El 28 de junio fue ayer

El presente de una campaña electoral sucia, deshonesta y llena de chicanas nos hace desear que el día de las elecciones llegue lo más pronto posible para incorporarse al pasado.

Última fase de la campaña: mayor violencia, agresividad, denuncias, artilugios de todo tipo y a tirar los ases que en la manga aún quedan. Hasta ahora, lo que se dice “concreto”, fueron pocos los resultados.

El oficialismo sigue perdiendo la mayoría en el Congreso, aunque se acerque, o incluso supere por amplio o magro porcentaje a los demás candidatos en esa geografía que conciben –en estos días– como la única Argentina: el segundo y tercer cordón del conurbano.

Las provincias quedaron abandonadas a su suerte, que no es mucha. En rigor de verdad, están sacando el provecho que deja toda crisis cuando se la sabe ver como oportunidad. Es decir, en la mayoría de ellas el kirchnerismo ya no es siquiera una opción o una alternativa a considerar por la ciudadanía.

El descrédito es supino, no necesitan siquiera corroborar lo vació y fútil de los discursos presidenciales sino que les basta con observar el paisaje. Aquel campo verde que se amarillaba en junio, ahora es tierra e infortunio. Lo triste es que no ha sido solamente “la seca” aquello que ha jaqueado a la naturaleza.
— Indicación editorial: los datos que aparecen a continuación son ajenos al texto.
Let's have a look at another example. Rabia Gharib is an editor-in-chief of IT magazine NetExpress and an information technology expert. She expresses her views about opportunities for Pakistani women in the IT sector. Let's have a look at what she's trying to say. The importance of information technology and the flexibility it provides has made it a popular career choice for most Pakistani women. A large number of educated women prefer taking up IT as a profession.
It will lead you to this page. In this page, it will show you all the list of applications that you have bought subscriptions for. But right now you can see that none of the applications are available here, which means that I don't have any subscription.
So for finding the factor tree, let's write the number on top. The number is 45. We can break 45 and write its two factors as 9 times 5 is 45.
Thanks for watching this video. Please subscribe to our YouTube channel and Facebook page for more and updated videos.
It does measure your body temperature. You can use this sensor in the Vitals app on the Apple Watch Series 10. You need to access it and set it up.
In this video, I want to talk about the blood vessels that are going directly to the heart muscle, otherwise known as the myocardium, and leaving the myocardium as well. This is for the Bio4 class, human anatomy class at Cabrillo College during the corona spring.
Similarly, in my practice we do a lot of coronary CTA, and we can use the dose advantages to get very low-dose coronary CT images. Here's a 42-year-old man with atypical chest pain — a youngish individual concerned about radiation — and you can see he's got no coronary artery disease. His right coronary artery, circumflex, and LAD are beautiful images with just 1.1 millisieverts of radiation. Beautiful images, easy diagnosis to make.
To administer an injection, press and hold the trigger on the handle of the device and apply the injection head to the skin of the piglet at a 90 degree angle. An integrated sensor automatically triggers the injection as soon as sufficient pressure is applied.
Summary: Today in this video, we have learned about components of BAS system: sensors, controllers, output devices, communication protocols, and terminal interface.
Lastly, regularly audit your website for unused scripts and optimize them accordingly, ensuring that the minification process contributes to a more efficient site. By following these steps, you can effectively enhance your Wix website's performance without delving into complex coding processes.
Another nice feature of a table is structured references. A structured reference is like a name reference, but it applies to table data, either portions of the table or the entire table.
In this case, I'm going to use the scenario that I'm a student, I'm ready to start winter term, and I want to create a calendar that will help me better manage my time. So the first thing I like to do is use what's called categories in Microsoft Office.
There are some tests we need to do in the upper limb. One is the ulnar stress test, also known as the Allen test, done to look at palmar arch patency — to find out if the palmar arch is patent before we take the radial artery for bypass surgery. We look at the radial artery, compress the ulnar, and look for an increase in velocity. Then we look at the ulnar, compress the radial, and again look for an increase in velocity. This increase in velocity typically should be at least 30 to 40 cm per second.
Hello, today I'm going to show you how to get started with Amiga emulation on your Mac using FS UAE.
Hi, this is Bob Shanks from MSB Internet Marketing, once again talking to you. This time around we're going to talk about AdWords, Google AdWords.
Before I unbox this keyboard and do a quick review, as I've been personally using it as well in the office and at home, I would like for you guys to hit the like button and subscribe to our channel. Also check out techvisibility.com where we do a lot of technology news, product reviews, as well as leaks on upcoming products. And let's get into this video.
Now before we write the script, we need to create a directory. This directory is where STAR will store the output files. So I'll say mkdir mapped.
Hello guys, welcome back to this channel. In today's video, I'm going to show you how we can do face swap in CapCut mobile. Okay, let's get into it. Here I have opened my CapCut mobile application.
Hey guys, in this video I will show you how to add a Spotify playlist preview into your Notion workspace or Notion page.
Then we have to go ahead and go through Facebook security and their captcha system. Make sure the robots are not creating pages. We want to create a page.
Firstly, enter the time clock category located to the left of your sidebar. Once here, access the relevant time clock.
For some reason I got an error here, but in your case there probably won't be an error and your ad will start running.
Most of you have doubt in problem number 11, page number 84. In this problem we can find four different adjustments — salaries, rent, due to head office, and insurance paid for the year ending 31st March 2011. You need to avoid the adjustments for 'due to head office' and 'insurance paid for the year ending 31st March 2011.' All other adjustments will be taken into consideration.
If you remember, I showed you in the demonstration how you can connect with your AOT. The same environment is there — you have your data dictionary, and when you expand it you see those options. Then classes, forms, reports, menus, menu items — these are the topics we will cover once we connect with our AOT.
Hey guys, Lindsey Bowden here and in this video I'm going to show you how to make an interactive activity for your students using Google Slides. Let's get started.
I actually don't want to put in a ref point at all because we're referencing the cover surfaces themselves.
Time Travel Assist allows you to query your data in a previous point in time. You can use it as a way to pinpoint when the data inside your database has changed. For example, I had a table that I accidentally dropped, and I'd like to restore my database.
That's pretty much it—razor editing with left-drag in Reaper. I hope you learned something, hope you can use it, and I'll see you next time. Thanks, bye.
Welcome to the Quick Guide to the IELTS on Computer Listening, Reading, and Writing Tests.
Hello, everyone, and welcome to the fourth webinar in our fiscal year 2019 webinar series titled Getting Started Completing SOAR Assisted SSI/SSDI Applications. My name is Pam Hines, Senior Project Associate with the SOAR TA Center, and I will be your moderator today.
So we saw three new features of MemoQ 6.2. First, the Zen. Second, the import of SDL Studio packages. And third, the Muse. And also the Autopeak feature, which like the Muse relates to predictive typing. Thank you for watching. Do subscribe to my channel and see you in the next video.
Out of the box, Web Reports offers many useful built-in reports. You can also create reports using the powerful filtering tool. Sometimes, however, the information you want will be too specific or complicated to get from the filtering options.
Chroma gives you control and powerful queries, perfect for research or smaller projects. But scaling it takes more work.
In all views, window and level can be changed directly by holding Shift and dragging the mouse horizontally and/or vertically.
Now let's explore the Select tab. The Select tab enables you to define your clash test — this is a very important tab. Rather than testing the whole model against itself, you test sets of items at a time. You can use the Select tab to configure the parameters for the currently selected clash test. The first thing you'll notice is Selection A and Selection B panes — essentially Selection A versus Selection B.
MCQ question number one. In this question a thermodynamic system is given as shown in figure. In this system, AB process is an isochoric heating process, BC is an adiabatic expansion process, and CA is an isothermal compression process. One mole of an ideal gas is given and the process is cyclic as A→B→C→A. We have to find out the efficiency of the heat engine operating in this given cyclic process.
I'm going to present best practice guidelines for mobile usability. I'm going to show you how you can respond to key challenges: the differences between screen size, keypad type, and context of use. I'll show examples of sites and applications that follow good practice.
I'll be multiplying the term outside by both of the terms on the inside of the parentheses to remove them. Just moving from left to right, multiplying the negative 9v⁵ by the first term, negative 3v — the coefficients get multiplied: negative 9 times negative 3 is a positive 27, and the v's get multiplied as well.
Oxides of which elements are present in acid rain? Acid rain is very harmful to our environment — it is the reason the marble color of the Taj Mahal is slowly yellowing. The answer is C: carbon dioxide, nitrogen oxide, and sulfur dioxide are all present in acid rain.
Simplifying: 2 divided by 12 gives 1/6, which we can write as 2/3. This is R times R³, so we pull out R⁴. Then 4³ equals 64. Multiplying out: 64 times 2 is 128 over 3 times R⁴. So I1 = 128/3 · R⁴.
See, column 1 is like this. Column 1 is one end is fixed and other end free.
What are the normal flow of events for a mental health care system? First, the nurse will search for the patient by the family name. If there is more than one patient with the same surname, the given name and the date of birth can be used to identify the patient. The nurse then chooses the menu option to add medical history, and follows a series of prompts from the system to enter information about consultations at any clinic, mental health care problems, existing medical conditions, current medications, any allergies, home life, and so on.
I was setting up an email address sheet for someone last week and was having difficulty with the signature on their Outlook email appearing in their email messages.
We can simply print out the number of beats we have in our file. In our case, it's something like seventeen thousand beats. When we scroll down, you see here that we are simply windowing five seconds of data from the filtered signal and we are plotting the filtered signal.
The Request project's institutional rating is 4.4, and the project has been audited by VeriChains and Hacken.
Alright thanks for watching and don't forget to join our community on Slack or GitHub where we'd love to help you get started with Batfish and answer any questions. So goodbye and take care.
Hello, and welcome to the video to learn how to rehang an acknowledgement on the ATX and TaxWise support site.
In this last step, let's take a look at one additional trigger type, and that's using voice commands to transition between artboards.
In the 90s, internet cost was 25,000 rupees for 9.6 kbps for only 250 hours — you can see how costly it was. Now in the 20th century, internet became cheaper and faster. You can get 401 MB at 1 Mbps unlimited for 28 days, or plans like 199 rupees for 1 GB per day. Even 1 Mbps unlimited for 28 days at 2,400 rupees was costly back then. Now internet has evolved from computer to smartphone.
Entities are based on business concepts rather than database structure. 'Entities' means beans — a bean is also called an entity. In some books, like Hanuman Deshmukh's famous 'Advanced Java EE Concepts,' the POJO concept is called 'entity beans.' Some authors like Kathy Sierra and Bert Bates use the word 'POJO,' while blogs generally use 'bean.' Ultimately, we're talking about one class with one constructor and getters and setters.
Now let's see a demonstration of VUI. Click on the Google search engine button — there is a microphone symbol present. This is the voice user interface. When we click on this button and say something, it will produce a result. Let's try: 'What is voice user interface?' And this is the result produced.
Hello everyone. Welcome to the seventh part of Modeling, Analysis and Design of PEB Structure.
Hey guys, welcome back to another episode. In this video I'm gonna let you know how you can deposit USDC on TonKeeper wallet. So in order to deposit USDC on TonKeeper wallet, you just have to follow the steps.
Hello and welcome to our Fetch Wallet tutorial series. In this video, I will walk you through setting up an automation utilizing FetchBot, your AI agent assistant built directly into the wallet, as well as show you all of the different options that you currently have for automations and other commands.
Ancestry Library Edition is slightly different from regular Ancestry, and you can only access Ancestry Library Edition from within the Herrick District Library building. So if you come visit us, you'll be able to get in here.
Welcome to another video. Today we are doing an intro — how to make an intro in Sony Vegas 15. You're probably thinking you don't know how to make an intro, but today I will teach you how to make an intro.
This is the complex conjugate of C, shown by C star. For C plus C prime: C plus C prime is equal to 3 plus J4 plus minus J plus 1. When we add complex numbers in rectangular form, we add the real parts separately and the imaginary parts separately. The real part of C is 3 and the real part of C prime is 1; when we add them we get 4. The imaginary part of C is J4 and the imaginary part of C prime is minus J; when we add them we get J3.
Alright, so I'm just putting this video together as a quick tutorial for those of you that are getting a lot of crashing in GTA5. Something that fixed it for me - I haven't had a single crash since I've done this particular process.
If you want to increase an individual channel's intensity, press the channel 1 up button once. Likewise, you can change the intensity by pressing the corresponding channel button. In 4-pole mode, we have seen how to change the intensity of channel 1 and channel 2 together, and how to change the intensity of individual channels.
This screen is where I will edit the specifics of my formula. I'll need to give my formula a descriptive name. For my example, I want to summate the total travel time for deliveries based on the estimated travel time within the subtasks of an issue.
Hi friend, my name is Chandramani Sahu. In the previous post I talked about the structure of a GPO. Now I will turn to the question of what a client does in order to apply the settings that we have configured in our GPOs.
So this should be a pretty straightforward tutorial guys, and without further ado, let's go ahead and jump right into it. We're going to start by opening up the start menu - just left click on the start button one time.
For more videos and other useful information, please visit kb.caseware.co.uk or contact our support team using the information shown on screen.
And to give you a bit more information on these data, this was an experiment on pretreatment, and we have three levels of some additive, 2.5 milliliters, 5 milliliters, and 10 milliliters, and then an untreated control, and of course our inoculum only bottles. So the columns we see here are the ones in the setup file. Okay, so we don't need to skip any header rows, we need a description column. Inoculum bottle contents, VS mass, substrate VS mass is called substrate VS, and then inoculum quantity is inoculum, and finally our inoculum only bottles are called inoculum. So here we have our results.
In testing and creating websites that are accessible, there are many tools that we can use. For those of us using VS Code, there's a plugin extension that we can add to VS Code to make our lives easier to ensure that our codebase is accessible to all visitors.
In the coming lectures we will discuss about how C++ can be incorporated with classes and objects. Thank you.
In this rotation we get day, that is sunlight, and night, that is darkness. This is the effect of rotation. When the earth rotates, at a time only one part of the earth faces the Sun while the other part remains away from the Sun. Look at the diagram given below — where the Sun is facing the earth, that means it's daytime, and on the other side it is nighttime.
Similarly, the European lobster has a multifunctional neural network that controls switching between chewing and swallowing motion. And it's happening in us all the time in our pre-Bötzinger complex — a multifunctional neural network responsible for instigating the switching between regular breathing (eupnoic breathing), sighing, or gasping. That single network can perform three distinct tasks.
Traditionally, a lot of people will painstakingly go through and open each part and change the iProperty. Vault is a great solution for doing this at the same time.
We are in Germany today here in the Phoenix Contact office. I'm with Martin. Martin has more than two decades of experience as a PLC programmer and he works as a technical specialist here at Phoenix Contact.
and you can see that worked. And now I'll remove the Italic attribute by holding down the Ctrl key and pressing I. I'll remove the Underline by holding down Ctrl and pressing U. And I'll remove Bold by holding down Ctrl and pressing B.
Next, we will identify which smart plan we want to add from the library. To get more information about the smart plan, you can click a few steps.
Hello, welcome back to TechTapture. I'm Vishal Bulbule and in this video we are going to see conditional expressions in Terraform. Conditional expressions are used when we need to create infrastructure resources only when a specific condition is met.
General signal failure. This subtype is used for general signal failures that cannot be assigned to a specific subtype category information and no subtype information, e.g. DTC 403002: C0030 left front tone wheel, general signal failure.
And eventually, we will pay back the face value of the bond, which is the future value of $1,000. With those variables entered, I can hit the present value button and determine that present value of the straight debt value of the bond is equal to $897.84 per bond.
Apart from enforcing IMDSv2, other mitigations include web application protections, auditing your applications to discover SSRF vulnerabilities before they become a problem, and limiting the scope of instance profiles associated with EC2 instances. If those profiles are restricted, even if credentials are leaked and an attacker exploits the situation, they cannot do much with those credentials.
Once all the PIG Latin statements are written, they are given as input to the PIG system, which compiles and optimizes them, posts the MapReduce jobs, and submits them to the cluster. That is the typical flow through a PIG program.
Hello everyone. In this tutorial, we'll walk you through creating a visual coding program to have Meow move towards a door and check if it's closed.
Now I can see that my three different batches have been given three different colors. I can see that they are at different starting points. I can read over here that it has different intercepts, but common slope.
La mano del Estado, convertido en sinónimo de erario matrimonial, ha terminado por devastar eso que ha sido -nada más ni nada menos- que el epicentro del desarrollo y el progreso de este suelo

Jamás podrá explicarse racionalmente la causa o el motivo por el cual se ha llegado a tamaño desatino. El resentimiento de los Kirchner no halla origen en una sufrida marginalidad, ni en una veraz convicción ideológica por la cuál hayan empuñado el arma y el alma.

Quizás han estado alguna vez acompañando una marcha o esgrimiendo un grito en una plaza por empatía de una corriente que hizo mella en los ambientes donde se movían, pero cuán distante está esa conducta de la defensa de un “ideal”… Tan lejano aquel actuar cómo este otro que muestran ahora, en plena campaña electoral. No defienden nada, se salvan o mejor dicho tratan de “salvarse”, ni siquiera de una sociedad desencantada, sino de sí mismos.

Nada hay tan pacífico como el argentino cuando se lo diezma o cercena y se lo domestica o acalla con dádivas privándolo simultáneamente de educación y formación cívica. Si no surge un líder que infunda pasión, adrenalina y conciencia de pertenencia se puede prolongar años el estado de apatía, y hacer del “¡qué barbaridad!” una suerte de muletilla que haga eco por los tiempos de los tiempos.

Una breve anécdota personal: desde que tengo uso de razón escucho que estamos atravesando una “crisis mayúscula”, que “todavía falta lo peor”, que “hay que reconstruir la Nación”… Todas expresiones de deseo válidas que se quedan sólo en eso: intenciones, deseos.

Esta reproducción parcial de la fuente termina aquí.